Nietzsche impone alla filosofia un pensiero della relazione che pensa la relazione oggettiva senza cessare di esserne a favore della sostanza, né sorgendo in opposizione dialettica ad essa. Un pensiero della relazione consapevole che è soltanto attraverso “un” pensiero della relazione che la relazione può essere pensata, ma che rifugge tuttavia la tentazione di porsi come “il” pensiero della relazione che si pensa mediante “un” pensiero della relazione. Un pensiero che riconosce così l’impossibilità di porsi come nient’altro che “un” pensiero della relazione, e quindi un pensiero finito che, assumendola, tenta comunque di distanziarsi da tale finitudine, pur permanendo in essa. Quasi un pensiero interno ed esterno a se stesso, poiché nel pensare, e tramite il pensare, prende atto che sta pensando e mette in questione gli strumenti a cui ricorre per pensare. Ciò rinvia alla necessità per la filosofia di vedere «da cento occhi», secondo una traiettoria che dal mondo inorganico e organico raggiunge la socialità umana, in cui la relazione si apre alla sfera della politica. In vista di una democrazia che Nietzsche intende come «qualcosa di futuro», in chiave inclusiva e non escludente.
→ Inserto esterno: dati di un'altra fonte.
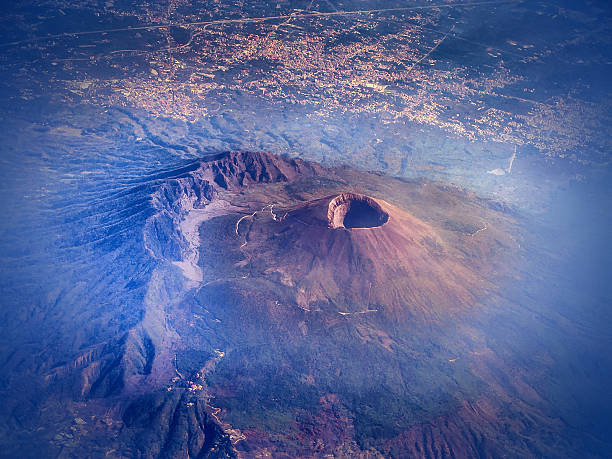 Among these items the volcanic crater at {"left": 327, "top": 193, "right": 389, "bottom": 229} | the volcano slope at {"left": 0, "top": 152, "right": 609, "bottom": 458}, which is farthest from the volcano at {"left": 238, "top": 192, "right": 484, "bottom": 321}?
the volcano slope at {"left": 0, "top": 152, "right": 609, "bottom": 458}

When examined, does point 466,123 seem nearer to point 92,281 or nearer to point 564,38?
point 564,38

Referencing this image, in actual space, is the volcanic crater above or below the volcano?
above

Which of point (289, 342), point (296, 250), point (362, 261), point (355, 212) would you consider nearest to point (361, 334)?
point (289, 342)

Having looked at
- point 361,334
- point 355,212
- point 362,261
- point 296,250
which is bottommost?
point 361,334

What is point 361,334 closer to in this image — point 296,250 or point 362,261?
point 362,261

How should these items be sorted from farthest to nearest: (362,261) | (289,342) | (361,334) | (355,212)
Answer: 1. (355,212)
2. (362,261)
3. (361,334)
4. (289,342)

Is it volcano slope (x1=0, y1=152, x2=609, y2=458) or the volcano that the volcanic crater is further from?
volcano slope (x1=0, y1=152, x2=609, y2=458)

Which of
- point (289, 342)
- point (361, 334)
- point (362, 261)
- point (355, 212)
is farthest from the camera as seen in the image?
point (355, 212)

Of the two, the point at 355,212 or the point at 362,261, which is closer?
the point at 362,261

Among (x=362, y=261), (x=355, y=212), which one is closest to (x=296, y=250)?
(x=362, y=261)

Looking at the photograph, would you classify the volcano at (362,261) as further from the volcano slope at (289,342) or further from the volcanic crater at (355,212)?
the volcano slope at (289,342)

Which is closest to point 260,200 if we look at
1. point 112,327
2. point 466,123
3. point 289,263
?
point 289,263

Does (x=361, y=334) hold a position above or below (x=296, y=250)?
below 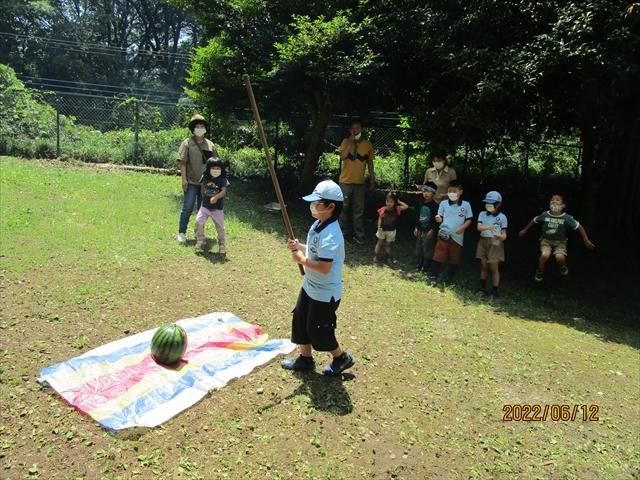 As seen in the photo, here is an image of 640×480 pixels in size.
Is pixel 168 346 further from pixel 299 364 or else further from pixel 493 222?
pixel 493 222

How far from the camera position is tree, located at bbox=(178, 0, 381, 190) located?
9.84 meters

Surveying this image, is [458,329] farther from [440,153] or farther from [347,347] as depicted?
[440,153]

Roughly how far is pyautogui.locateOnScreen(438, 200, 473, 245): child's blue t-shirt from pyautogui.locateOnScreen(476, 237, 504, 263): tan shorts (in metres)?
0.36

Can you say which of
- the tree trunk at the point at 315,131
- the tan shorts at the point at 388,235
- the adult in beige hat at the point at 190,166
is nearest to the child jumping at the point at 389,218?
the tan shorts at the point at 388,235

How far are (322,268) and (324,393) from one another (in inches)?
47.9

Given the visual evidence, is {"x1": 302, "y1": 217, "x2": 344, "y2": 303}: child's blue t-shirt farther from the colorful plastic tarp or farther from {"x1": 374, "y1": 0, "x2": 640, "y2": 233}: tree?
{"x1": 374, "y1": 0, "x2": 640, "y2": 233}: tree

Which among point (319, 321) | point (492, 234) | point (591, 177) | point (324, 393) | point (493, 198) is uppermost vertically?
point (591, 177)

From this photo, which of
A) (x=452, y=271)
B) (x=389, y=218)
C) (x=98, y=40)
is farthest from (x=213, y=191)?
(x=98, y=40)

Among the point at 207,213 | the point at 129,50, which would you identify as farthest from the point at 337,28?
the point at 129,50

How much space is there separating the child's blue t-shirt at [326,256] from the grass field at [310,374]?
36.8 inches

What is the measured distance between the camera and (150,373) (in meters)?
4.42

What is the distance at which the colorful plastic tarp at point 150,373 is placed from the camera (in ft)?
13.0

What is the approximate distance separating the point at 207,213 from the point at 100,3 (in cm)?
4567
Nicola Comerci (Tempio Pausania, 1976) è docente di ruolo di filosofia nei licei. Laureato in Filosofia (Roma “La Sapienza”, 1999), dopo un periodo di formazione a Parigi, ha conseguito il dottorato di ricerca in Filosofia e Teoria delle scienze umane nel 2004 (Università di Macerata). Dallo stesso anno, fino al 2011, ha insegnato Filosofia politica all’Università di Sassari, dove svolge attività di ricerca e insegnamento. È autore di diversi articoli e interventi di natura etica e politica in ambito ermeneutico e fenomenologico. Tra le sue pubblicazioni: L’enigma della trascendenza. Riflessi etico-politici dell’alterità (Editori Riuniti, Roma, 2006, a cura di); La deiscenza dell’altro. Intersoggettività e comunità in Merleau-Ponty (Mimesis, Milano, 2008).